▶ _Assignment_: The whole listing, exactly as given: write it out, leaving out each image.

▶ _Supplied data_:
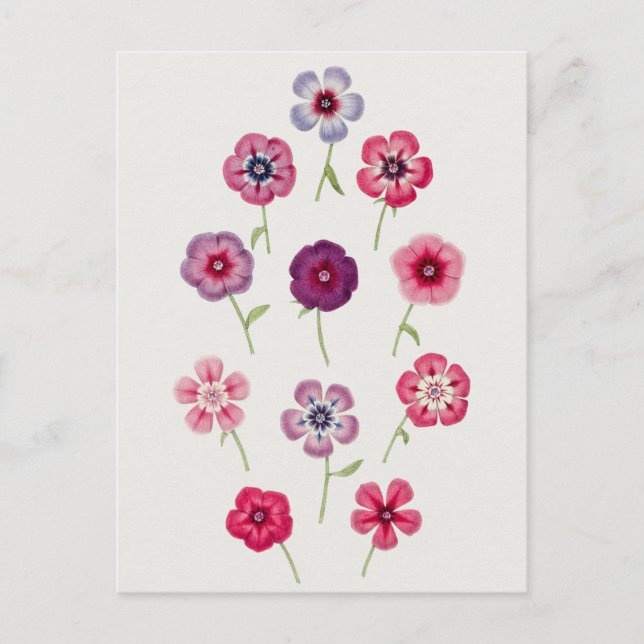 Carte Postale Belle illustration botanique Vintage (Devant)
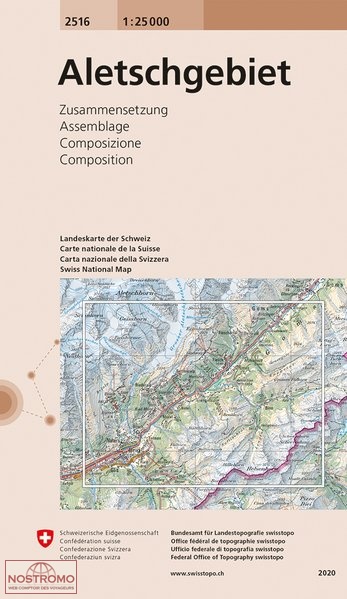 2516 ALETSCHGEBIET | carte topographique Swisstopo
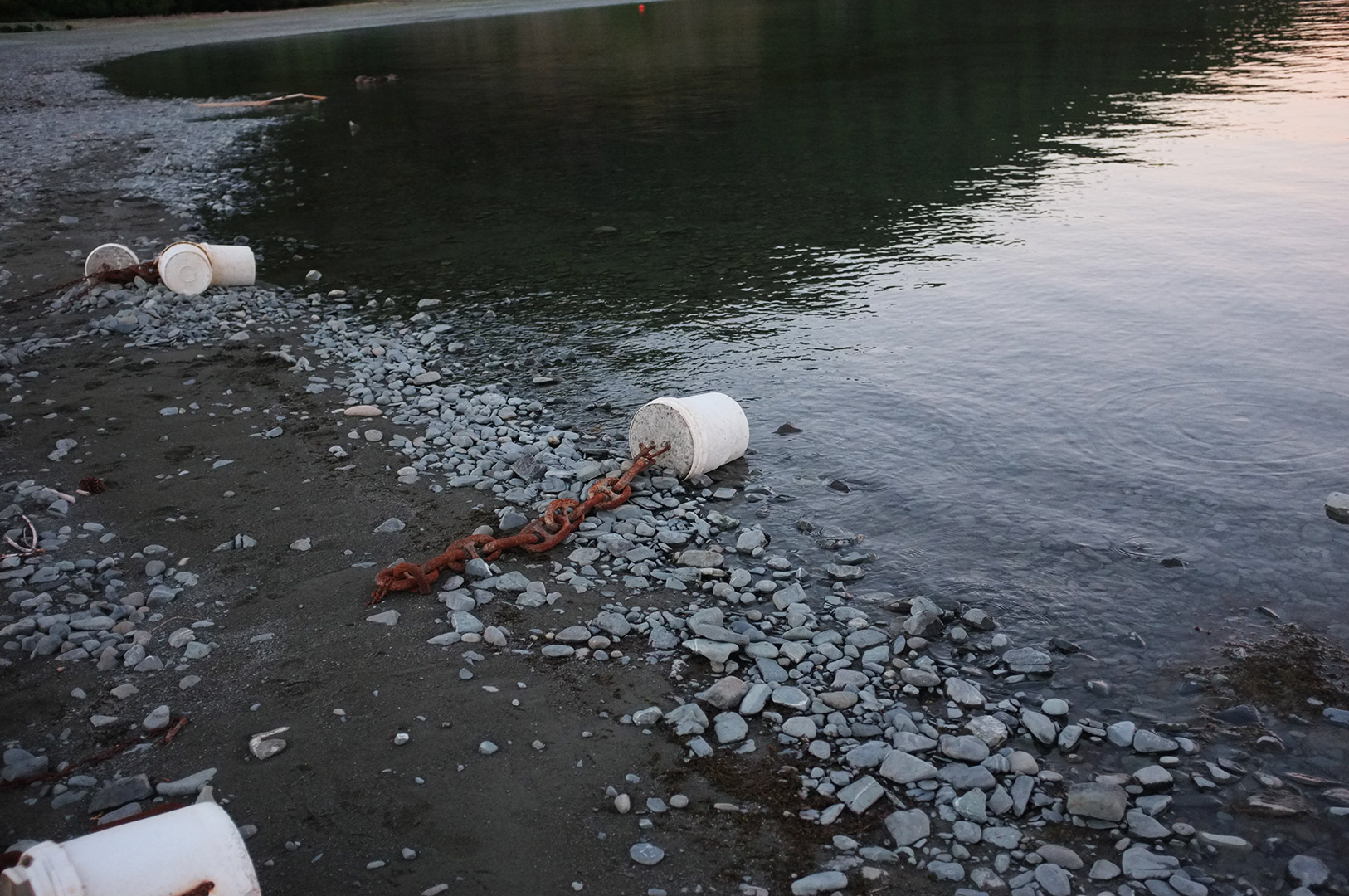 14 Hari Di New Zealand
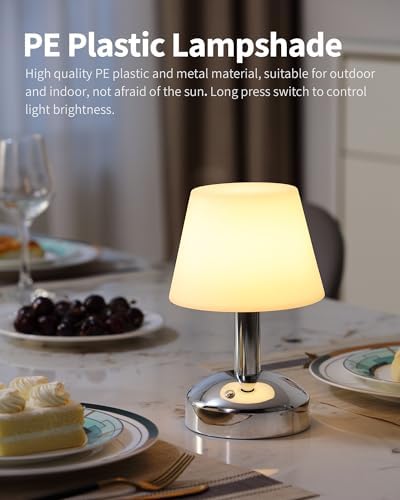 KDG Silver Cordless Small Table Lamp, Portable LED Dimmable Desk Lamp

▶ _Answer below_:
 Carte Postale Belle illustration botanique Vintage (Devant)
 2516 ALETSCHGEBIET | carte topographique Swisstopo
 14 Hari Di New Zealand
 KDG Silver Cordless Small Table Lamp, Portable LED Dimmable Desk Lamp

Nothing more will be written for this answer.